**BRIEF**
Down to the last line, reproduce the records exactly.

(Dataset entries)
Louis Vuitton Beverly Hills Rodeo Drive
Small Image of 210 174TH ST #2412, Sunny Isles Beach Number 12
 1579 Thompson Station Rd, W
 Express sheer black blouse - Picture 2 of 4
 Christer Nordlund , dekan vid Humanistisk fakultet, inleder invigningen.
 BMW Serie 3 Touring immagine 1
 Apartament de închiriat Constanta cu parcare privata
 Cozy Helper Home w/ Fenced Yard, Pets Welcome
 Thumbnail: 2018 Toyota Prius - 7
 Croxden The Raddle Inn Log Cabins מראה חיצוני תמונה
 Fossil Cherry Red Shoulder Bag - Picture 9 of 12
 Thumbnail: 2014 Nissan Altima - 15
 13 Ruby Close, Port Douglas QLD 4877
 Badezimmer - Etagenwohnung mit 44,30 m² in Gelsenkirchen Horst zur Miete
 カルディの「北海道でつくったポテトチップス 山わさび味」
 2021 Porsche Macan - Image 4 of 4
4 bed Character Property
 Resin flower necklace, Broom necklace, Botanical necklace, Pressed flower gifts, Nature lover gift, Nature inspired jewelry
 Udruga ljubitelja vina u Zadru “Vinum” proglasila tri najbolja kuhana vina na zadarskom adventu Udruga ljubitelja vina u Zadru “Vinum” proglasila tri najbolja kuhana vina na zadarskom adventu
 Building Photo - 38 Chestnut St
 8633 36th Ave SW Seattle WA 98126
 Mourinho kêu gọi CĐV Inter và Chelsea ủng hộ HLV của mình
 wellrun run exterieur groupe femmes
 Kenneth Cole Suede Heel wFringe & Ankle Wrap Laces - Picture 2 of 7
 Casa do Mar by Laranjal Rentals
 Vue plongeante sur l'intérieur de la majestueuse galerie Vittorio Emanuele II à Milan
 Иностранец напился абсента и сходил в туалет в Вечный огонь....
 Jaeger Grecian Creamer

**RESPONSE AREA**
Louis Vuitton Beverly Hills Rodeo Drive
Small Image of 210 174TH ST #2412, Sunny Isles Beach Number 12
 1579 Thompson Station Rd, W
 Express sheer black blouse - Picture 2 of 4
 Christer Nordlund , dekan vid Humanistisk fakultet, inleder invigningen.
 BMW Serie 3 Touring immagine 1
 Apartament de închiriat Constanta cu parcare privata
 Cozy Helper Home w/ Fenced Yard, Pets Welcome
 Thumbnail: 2018 Toyota Prius - 7
 Croxden The Raddle Inn Log Cabins מראה חיצוני תמונה
 Fossil Cherry Red Shoulder Bag - Picture 9 of 12
 Thumbnail: 2014 Nissan Altima - 15
 13 Ruby Close, Port Douglas QLD 4877
 Badezimmer - Etagenwohnung mit 44,30 m² in Gelsenkirchen Horst zur Miete
 カルディの「北海道でつくったポテトチップス 山わさび味」
 2021 Porsche Macan - Image 4 of 4
4 bed Character Property
 Resin flower necklace, Broom necklace, Botanical necklace, Pressed flower gifts, Nature lover gift, Nature inspired jewelry
 Udruga ljubitelja vina u Zadru “Vinum” proglasila tri najbolja kuhana vina na zadarskom adventu Udruga ljubitelja vina u Zadru “Vinum” proglasila tri najbolja kuhana vina na zadarskom adventu
 Building Photo - 38 Chestnut St
 8633 36th Ave SW Seattle WA 98126
 Mourinho kêu gọi CĐV Inter và Chelsea ủng hộ HLV của mình
 wellrun run exterieur groupe femmes
 Kenneth Cole Suede Heel wFringe & Ankle Wrap Laces - Picture 2 of 7
 Casa do Mar by Laranjal Rentals
 Vue plongeante sur l'intérieur de la majestueuse galerie Vittorio Emanuele II à Milan
 Иностранец напился абсента и сходил в туалет в Вечный огонь....
 Jaeger Grecian Creamer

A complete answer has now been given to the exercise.